I am not completely clear on what sort of communication you are trying to protect, and what your threat model is.
Let's say that agent-in-place X posts to his controller whenever something of political significance happens in Foobarvia. A clever traffic analyst will notice that a certain key posts to alt.anonymous (or contributes to the pool, whatever it is) whenever something big happens in Foobarvia. Conclusions can be drawn -- there is a PGP-using spy in Foobarvia! By carefully limiting access to news tidbits, they can use process of elimination to find the spy. (In reality, it could be much more mundane -- every time Peggy Sue tells Mary Beth a secret, there is a post by the same keyid, etc.) However, if you use a public-key encryption scheme that doesn't store the key-id on the outside of the packet (or store it at all), then you are at liberty to identify the packets for decryption by the target recipient however you want. I've suggested an approach using tokens, which make all the messages from agent-in-place X unlinkable to one another (thus hindering the detection of the aforementioned pattern), while still allowing the recipient to sniff for them efficiently.

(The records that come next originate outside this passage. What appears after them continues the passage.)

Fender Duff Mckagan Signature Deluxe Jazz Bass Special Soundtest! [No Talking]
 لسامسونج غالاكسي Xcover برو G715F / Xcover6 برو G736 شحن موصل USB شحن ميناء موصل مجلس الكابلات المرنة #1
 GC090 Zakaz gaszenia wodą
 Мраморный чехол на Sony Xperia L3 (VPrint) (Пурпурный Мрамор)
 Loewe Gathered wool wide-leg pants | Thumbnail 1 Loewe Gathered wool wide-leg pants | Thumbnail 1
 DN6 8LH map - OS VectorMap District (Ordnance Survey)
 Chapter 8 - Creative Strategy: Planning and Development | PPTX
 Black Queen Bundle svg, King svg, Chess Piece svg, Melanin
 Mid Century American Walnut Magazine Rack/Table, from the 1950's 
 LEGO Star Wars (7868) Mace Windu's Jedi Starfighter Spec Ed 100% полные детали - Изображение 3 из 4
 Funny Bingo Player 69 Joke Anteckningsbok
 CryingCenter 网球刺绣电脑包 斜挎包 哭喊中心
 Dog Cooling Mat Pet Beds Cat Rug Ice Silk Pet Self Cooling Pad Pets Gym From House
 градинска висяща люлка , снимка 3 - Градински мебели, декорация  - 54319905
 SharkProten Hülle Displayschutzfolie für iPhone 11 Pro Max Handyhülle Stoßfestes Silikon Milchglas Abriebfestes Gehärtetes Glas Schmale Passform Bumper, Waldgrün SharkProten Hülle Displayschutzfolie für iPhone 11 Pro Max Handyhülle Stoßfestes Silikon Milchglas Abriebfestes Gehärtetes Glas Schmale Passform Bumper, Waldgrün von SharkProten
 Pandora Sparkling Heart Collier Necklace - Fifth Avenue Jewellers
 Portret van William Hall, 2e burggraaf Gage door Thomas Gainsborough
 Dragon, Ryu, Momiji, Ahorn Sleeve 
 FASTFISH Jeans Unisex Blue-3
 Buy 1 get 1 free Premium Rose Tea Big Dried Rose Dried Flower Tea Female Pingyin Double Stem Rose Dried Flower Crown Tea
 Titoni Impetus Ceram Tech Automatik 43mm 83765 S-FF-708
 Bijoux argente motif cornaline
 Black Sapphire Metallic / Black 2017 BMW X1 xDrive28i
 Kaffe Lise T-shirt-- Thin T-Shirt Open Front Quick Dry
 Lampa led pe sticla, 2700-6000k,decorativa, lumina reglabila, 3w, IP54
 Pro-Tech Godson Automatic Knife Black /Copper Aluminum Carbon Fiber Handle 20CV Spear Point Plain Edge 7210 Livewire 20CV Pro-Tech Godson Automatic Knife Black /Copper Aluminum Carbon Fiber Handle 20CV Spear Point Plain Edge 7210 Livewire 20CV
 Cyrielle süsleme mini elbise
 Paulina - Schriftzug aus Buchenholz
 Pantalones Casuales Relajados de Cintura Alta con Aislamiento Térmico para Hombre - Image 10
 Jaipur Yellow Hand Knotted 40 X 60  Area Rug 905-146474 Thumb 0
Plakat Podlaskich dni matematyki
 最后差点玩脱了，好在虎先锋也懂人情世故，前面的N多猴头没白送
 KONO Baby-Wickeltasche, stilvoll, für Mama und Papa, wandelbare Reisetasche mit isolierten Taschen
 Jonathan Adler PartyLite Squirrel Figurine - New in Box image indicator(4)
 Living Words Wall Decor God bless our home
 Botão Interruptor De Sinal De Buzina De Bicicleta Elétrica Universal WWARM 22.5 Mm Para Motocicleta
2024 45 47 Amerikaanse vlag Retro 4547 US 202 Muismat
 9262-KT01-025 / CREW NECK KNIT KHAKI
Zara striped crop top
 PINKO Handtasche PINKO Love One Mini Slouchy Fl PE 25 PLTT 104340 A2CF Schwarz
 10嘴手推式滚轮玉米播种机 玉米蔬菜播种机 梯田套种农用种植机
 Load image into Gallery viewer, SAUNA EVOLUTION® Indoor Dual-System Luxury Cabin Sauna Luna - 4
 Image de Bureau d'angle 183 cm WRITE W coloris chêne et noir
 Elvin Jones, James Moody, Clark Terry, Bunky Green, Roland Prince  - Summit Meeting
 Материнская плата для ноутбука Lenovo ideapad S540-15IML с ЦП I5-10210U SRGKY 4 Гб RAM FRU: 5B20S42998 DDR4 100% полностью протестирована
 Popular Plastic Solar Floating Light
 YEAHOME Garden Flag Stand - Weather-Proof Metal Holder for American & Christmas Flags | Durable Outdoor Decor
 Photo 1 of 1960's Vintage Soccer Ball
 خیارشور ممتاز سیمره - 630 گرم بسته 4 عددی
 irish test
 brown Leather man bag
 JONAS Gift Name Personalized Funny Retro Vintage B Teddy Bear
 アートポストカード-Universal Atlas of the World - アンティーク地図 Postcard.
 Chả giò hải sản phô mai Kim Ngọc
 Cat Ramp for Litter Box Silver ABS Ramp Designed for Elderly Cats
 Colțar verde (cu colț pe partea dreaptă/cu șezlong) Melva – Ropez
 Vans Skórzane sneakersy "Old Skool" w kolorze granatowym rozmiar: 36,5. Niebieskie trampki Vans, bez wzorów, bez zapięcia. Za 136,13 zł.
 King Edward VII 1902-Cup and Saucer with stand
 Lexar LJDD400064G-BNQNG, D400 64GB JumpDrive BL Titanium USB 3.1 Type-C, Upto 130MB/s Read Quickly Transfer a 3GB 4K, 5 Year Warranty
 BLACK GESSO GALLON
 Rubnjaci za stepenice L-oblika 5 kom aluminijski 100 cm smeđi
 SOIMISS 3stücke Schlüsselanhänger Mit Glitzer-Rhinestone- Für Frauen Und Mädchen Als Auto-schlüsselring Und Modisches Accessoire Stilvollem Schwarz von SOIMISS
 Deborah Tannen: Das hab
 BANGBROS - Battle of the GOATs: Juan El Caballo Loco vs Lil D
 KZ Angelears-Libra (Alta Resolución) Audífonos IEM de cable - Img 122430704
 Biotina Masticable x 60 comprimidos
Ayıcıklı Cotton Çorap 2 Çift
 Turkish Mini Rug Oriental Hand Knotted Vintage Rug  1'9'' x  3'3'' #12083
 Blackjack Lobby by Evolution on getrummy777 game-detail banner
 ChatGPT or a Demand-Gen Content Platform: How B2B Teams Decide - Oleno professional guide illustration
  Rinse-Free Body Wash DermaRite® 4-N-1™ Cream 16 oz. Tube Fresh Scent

Are you worried about an attacker noticing that an anonymous ID is getting a lot of messages? If you are using PGP and a message pool, any attacker can decrypt all the messages, and see which correspond to which key, and therefor to which anonymous ID. The only way around this is to use private key crypto. If you are doing that, then you can also use a shared secret to generate a stream of one use message IDs.
Clearly this involves using something other than vanilla PGP, or running some post- and pre- processing to delete and then add back in the key-id. The mandatory external presence of the key-id has always been less than optimal, IMHO.